洛清婂心裡清楚,這也是掌教師叔暗中襄助的,但她從來不對外張揚。
皇帝明明率文武一齊修道,為何反倒身體越發虧空?
為何國朝製度已經開始腐朽,朝廷反倒愈發乾淨?
那是因為皇帝的目的,從來就不是修道。
修道不過是手段,以此掩人耳目;暗中收斂誌同道合之輩,囤積糧、銀,以待將來可發之機,才是目的。
洛清婂不知道這些年皇帝到底積蓄了多少力量,卻是知曉要在皇祖眼皮底下做,到底有多難,以往憑借皇帝身份用一分力就能達成的事,如今往往要使出數倍的氣力、花費更多的精神掩護。
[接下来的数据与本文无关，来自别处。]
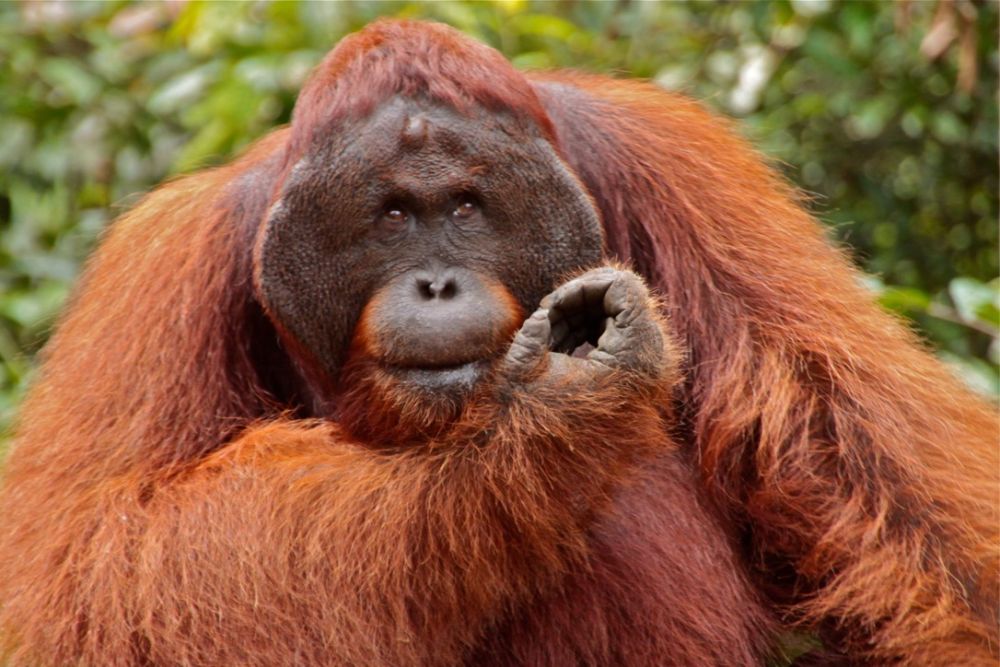 Males develop large pads on each side of their face as they get older to attract females!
哪怕是鐵打的身體,也要如這王朝製度一般磨損破舊了吧。
民間、江湖總說今上不施仁政、虧空國力,乃末代君主之像。
說元清道禍國殃民,蠱惑君上,乃道宗之恥。
誰又曾真正知曉內幕,知道背後有多少艱辛勞苦。
皇帝從來沉默,寧掌教也不作解釋。
當今皇帝或許不是一個仁君,但絕不是一個暴君、庸君。
她的寧師叔,更不是個禍國殃民的妖道。
不止京師的元清觀,大景各州、郡的分觀,早已成了皇帝收斂人才集會、論道的庇護場合。
這樣的作為,又有哪座道宗敢承擔?
哪位至強又能如寧掌教這般慷慨?
洛清婂一向以自己這位性情孤高不喜爭辯,輕飄飄揭過流言蜚語的師叔,為榜樣和驕傲。
形勢愈發向好,不久之後真相自會大白於天下。
到那時,什麼是好,什麼是庸,不辯自明。
……
魏王府裡。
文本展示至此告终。